● Instructions to follow
Type out the data below in its entirety, exactly as given.

● Provided entries

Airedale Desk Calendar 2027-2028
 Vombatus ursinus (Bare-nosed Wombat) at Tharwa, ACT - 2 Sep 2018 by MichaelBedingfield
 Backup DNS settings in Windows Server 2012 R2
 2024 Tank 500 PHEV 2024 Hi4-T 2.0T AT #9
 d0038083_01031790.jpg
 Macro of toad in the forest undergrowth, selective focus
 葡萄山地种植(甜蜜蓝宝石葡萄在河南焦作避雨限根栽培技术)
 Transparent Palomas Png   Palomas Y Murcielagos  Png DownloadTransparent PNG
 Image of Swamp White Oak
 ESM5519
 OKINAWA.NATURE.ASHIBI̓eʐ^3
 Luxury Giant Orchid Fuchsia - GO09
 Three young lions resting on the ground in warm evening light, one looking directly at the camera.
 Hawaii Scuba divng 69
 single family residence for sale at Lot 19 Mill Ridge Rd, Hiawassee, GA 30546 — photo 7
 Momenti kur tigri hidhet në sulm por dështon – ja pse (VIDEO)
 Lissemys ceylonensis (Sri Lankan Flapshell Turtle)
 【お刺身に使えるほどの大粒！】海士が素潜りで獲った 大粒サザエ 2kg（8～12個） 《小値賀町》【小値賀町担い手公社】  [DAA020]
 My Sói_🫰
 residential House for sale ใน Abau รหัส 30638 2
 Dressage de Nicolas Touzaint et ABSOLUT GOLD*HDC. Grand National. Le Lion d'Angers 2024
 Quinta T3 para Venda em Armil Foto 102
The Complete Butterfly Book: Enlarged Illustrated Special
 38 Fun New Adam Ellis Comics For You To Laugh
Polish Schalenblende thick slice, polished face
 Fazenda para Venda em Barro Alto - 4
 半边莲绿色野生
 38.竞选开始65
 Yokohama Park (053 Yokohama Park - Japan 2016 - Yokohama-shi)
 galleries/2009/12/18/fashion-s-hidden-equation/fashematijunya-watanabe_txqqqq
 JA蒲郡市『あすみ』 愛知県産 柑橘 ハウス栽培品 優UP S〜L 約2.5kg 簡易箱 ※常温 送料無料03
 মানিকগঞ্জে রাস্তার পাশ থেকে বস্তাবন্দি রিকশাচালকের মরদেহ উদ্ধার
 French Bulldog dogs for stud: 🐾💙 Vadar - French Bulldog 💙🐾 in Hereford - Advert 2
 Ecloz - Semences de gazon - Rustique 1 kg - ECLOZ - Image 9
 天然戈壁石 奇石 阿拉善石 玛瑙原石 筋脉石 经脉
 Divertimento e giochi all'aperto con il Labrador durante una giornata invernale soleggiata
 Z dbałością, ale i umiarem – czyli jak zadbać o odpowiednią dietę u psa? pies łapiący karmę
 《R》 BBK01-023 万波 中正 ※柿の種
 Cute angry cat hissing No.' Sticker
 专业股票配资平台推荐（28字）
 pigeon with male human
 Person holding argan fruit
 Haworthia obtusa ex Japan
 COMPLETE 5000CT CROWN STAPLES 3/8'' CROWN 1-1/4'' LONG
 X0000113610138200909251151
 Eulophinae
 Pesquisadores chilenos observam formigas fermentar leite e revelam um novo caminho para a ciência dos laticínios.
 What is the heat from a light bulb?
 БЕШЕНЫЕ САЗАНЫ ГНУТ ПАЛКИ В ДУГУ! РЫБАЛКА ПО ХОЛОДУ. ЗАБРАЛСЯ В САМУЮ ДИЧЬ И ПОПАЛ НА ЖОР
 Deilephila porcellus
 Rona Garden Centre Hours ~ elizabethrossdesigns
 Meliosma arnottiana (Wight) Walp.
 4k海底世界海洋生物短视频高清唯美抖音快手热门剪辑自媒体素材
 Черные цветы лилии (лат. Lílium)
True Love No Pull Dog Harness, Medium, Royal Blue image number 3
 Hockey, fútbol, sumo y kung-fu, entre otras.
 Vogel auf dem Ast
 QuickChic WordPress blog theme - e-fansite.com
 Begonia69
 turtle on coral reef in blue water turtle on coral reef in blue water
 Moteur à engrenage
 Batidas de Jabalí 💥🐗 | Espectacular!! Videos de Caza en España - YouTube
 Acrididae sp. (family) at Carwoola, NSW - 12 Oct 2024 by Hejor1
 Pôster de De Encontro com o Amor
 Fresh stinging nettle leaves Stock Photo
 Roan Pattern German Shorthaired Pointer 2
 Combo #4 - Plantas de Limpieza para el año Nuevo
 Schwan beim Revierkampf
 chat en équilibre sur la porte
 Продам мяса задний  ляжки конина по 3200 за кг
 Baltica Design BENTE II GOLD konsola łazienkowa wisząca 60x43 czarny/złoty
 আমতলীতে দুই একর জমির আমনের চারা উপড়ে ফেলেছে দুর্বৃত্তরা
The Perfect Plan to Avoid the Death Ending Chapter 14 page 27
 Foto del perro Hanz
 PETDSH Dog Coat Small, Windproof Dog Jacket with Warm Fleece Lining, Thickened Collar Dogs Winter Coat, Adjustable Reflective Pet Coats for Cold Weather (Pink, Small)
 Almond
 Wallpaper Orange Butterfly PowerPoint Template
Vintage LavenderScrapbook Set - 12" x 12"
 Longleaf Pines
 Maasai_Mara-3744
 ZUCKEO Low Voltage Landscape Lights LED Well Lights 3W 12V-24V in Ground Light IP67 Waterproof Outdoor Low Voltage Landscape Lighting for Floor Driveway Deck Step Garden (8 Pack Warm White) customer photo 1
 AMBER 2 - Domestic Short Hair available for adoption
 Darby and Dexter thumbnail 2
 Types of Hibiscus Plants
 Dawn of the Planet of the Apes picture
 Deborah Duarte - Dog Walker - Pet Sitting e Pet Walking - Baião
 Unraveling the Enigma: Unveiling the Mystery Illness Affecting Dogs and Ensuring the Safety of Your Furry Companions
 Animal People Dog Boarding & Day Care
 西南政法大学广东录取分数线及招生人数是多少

● Response to this exercise
Airedale Desk Calendar 2027-2028
 Vombatus ursinus (Bare-nosed Wombat) at Tharwa, ACT - 2 Sep 2018 by MichaelBedingfield
 Backup DNS settings in Windows Server 2012 R2
 2024 Tank 500 PHEV 2024 Hi4-T 2.0T AT #9
 d0038083_01031790.jpg
 Macro of toad in the forest undergrowth, selective focus
 葡萄山地种植(甜蜜蓝宝石葡萄在河南焦作避雨限根栽培技术)
 Transparent Palomas Png   Palomas Y Murcielagos  Png DownloadTransparent PNG
 Image of Swamp White Oak
 ESM5519
 OKINAWA.NATURE.ASHIBI̓eʐ^3
 Luxury Giant Orchid Fuchsia - GO09
 Three young lions resting on the ground in warm evening light, one looking directly at the camera.
 Hawaii Scuba divng 69
 single family residence for sale at Lot 19 Mill Ridge Rd, Hiawassee, GA 30546 — photo 7
 Momenti kur tigri hidhet në sulm por dështon – ja pse (VIDEO)
 Lissemys ceylonensis (Sri Lankan Flapshell Turtle)
 【お刺身に使えるほどの大粒！】海士が素潜りで獲った 大粒サザエ 2kg（8～12個） 《小値賀町》【小値賀町担い手公社】  [DAA020]
 My Sói_🫰
 residential House for sale ใน Abau รหัส 30638 2
 Dressage de Nicolas Touzaint et ABSOLUT GOLD*HDC. Grand National. Le Lion d'Angers 2024
 Quinta T3 para Venda em Armil Foto 102
The Complete Butterfly Book: Enlarged Illustrated Special
 38 Fun New Adam Ellis Comics For You To Laugh
Polish Schalenblende thick slice, polished face
 Fazenda para Venda em Barro Alto - 4
 半边莲绿色野生
 38.竞选开始65
 Yokohama Park (053 Yokohama Park - Japan 2016 - Yokohama-shi)
 galleries/2009/12/18/fashion-s-hidden-equation/fashematijunya-watanabe_txqqqq
 JA蒲郡市『あすみ』 愛知県産 柑橘 ハウス栽培品 優UP S〜L 約2.5kg 簡易箱 ※常温 送料無料03
 মানিকগঞ্জে রাস্তার পাশ থেকে বস্তাবন্দি রিকশাচালকের মরদেহ উদ্ধার
 French Bulldog dogs for stud: 🐾💙 Vadar - French Bulldog 💙🐾 in Hereford - Advert 2
 Ecloz - Semences de gazon - Rustique 1 kg - ECLOZ - Image 9
 天然戈壁石 奇石 阿拉善石 玛瑙原石 筋脉石 经脉
 Divertimento e giochi all'aperto con il Labrador durante una giornata invernale soleggiata
 Z dbałością, ale i umiarem – czyli jak zadbać o odpowiednią dietę u psa? pies łapiący karmę
 《R》 BBK01-023 万波 中正 ※柿の種
 Cute angry cat hissing No.' Sticker
 专业股票配资平台推荐（28字）
 pigeon with male human
 Person holding argan fruit
 Haworthia obtusa ex Japan
 COMPLETE 5000CT CROWN STAPLES 3/8'' CROWN 1-1/4'' LONG
 X0000113610138200909251151
 Eulophinae
 Pesquisadores chilenos observam formigas fermentar leite e revelam um novo caminho para a ciência dos laticínios.
 What is the heat from a light bulb?
 БЕШЕНЫЕ САЗАНЫ ГНУТ ПАЛКИ В ДУГУ! РЫБАЛКА ПО ХОЛОДУ. ЗАБРАЛСЯ В САМУЮ ДИЧЬ И ПОПАЛ НА ЖОР
 Deilephila porcellus
 Rona Garden Centre Hours ~ elizabethrossdesigns
 Meliosma arnottiana (Wight) Walp.
 4k海底世界海洋生物短视频高清唯美抖音快手热门剪辑自媒体素材
 Черные цветы лилии (лат. Lílium)
True Love No Pull Dog Harness, Medium, Royal Blue image number 3
 Hockey, fútbol, sumo y kung-fu, entre otras.
 Vogel auf dem Ast
 QuickChic WordPress blog theme - e-fansite.com
 Begonia69
 turtle on coral reef in blue water turtle on coral reef in blue water
 Moteur à engrenage
 Batidas de Jabalí 💥🐗 | Espectacular!! Videos de Caza en España - YouTube
 Acrididae sp. (family) at Carwoola, NSW - 12 Oct 2024 by Hejor1
 Pôster de De Encontro com o Amor
 Fresh stinging nettle leaves Stock Photo
 Roan Pattern German Shorthaired Pointer 2
 Combo #4 - Plantas de Limpieza para el año Nuevo
 Schwan beim Revierkampf
 chat en équilibre sur la porte
 Продам мяса задний  ляжки конина по 3200 за кг
 Baltica Design BENTE II GOLD konsola łazienkowa wisząca 60x43 czarny/złoty
 আমতলীতে দুই একর জমির আমনের চারা উপড়ে ফেলেছে দুর্বৃত্তরা
The Perfect Plan to Avoid the Death Ending Chapter 14 page 27
 Foto del perro Hanz
 PETDSH Dog Coat Small, Windproof Dog Jacket with Warm Fleece Lining, Thickened Collar Dogs Winter Coat, Adjustable Reflective Pet Coats for Cold Weather (Pink, Small)
 Almond
 Wallpaper Orange Butterfly PowerPoint Template
Vintage LavenderScrapbook Set - 12" x 12"
 Longleaf Pines
 Maasai_Mara-3744
 ZUCKEO Low Voltage Landscape Lights LED Well Lights 3W 12V-24V in Ground Light IP67 Waterproof Outdoor Low Voltage Landscape Lighting for Floor Driveway Deck Step Garden (8 Pack Warm White) customer photo 1
 AMBER 2 - Domestic Short Hair available for adoption
 Darby and Dexter thumbnail 2
 Types of Hibiscus Plants
 Dawn of the Planet of the Apes picture
 Deborah Duarte - Dog Walker - Pet Sitting e Pet Walking - Baião
 Unraveling the Enigma: Unveiling the Mystery Illness Affecting Dogs and Ensuring the Safety of Your Furry Companions
 Animal People Dog Boarding & Day Care
 西南政法大学广东录取分数线及招生人数是多少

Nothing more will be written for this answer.